(Short descriptive text snippets)
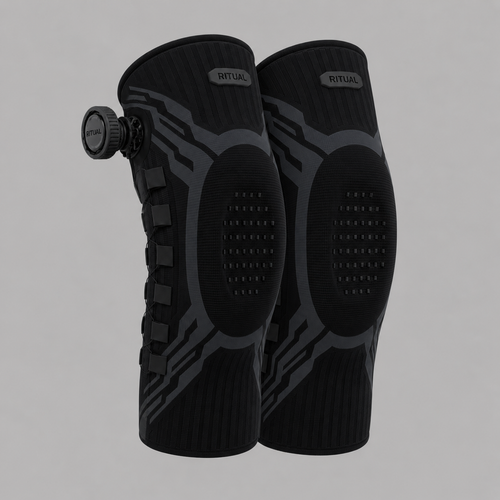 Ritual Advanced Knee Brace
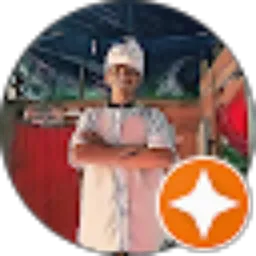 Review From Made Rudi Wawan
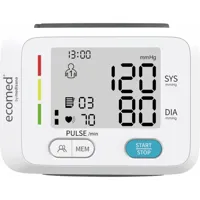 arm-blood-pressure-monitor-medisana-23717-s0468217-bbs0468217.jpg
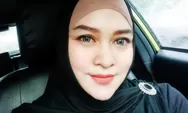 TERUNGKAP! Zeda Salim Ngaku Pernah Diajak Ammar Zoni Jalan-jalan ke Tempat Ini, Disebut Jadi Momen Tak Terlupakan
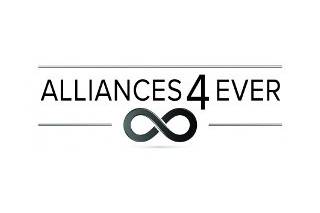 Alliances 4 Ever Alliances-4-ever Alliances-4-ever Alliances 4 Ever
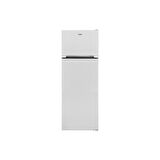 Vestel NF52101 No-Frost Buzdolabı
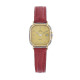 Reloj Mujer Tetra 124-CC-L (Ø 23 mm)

» Assigned task
Your copy must repeat the data word for word and show none of its images.

» Solution to this exercise
 Ritual Advanced Knee Brace
 Review From Made Rudi Wawan
 arm-blood-pressure-monitor-medisana-23717-s0468217-bbs0468217.jpg
 TERUNGKAP! Zeda Salim Ngaku Pernah Diajak Ammar Zoni Jalan-jalan ke Tempat Ini, Disebut Jadi Momen Tak Terlupakan
 Alliances 4 Ever Alliances-4-ever Alliances-4-ever Alliances 4 Ever
 Vestel NF52101 No-Frost Buzdolabı
 Reloj Mujer Tetra 124-CC-L (Ø 23 mm)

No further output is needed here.